I just did a tag search on my previous blog and discovered that I had written three entries with the tag "satire." The first of these was written in praise of Assimilated Press, which I felt had displaced The Onion as my favorite (if not the best) source for satirical journalism. The Assimilated Press post that inspired my writing had the headline, "Kansas Farmer See Cheney's Face In Cowpie;" and what I realized from reading it is the way in which satire presents "reality with far more accuracy than conventional prose could ever do."

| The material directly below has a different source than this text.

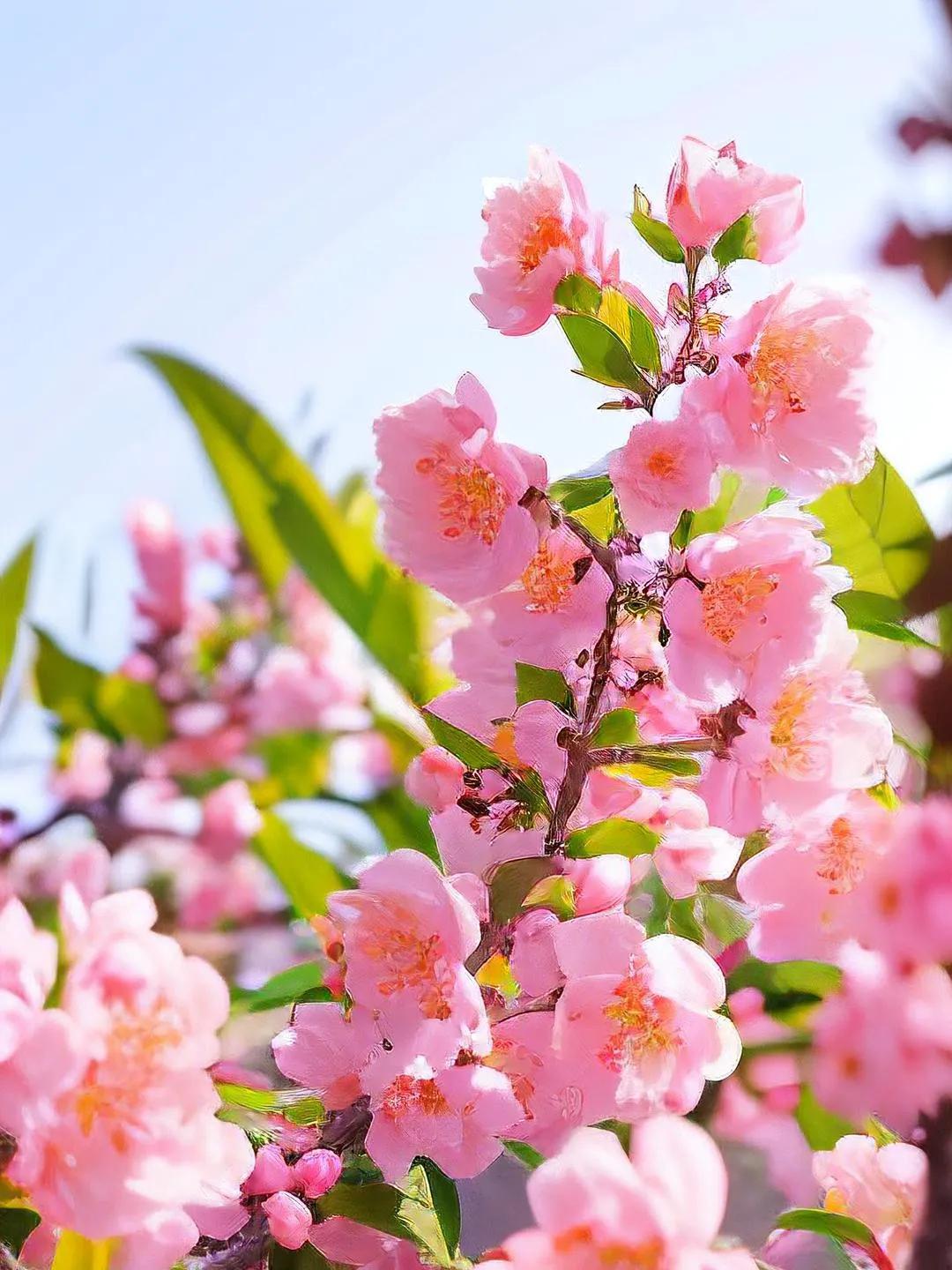 无须烧香无须拜
辛勤耕耘科学栽
待等来年春送暖
花艳花香蝶自來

What happens, then, when a site with such a reputation for quality satire comes out with a "modest proposal" that actually deserves to be taken seriously? Such I fell is the case with today's Assimilated Press post, "A Call To Arms On The War On Error." The premise may be a play on the words of a phrase that has been beaten into meaninglessness by media propaganda, but the result has more meaning than we expect from most media sources. Here is the core of the message:
We need a War on Error that looks extremely closely at any reasoning calling for war with Iran. We need a War on Error that looks coolly and dispassionately on sending more troops to Iraq while not having enough troops in Afghanistan. We need a War on Error to find out where, exactly, the money promised to New Orleans and surrounding areas went, and for what, and to whom, and when was it sent and why has so little been accomplished?
We need a War on Error on all of the candidates from both parties. We didn't elect them to run around the country, raise money and create sound bites. We elected them to stay in the House and the Senate and do their jobs: preventing further errors from happening and fixing the errors that exist.

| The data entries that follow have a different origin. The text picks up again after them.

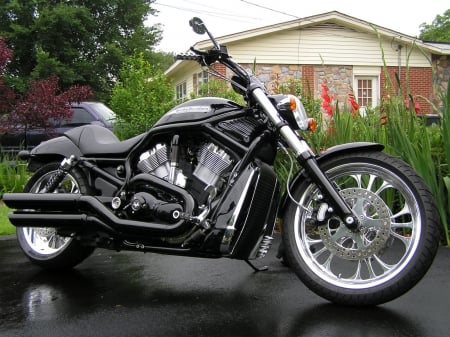 Harley Davidson V-Rod - bike, motorcycle, v-rod, harler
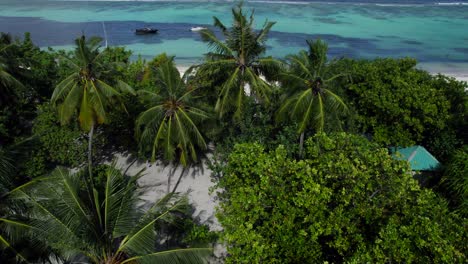 Drone-Kardanische-Aufhängung,-Die-Zwei-Festgemachte-Boote-Im-Türkisfarbenen-Wasser-Einer-Insel-Auf-Den-Malediven-Enthüllt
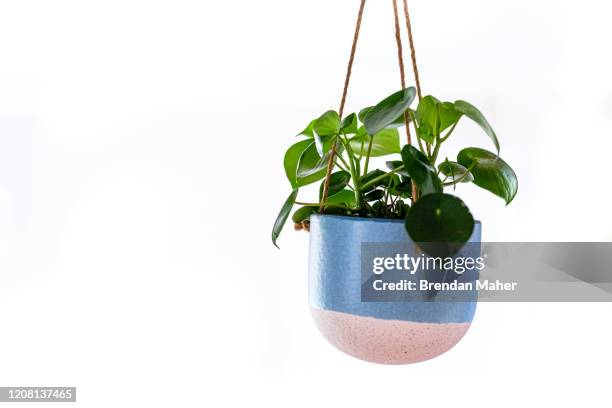 hanging basket pot chinese money plant indoor - hanging basket stock pictures, royalty-free photos & images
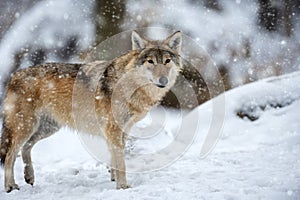 Gray wolf, Canis lupus in the winter forest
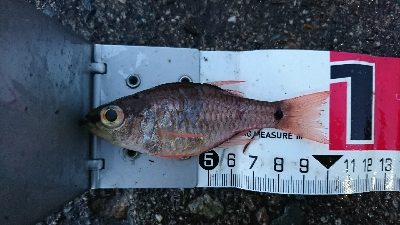 田曽浦でサビキ釣り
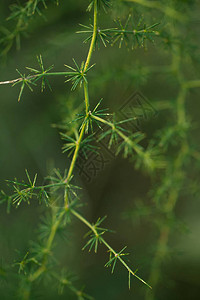 野生芦笋植物在冬天图片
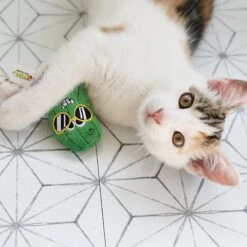 Mad Cat Cool Cucumber Catnip & Silvervine Cat Toy -Pawfect Care 181814 PT5. AC SS1800 V1637641598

This is not the satirical language of Swift's "Modest Proposal;" it is the straight talk of Paine's "Common Sense." I applaud both the basic argument and the five "action items" derived from that argument.
My only concern is that this "pamphlet" will not receive the attention it deserves because Assimilated Press readers may be disappointed that it is not satire. It is the sort of thing that I would have expected to read on Truthdig, and it would be unfortunate if the Truthdig reader base remained unaware of it. Of course one of the advantages of a blog is that, as the author, you have no explicit constraints on what you can and cannot submit as a post. However, when a blog begins to develop a reputation for its posts, that reputation can engender reader expectations; and the author then faces an interesting problem in "managing the change" (to use MBA-speak) of those expectations. Novelists and filmmakers are well aware of this problem, and perhaps it is also a consequences of what happens when one's blog actually begins to cultivate a reader base!
1 comment:
Thank you for your kind words and for promoting the post on your blog. I'll check with my editor, Virt, to see if he has any problems with my posting the same piece on Truthdig.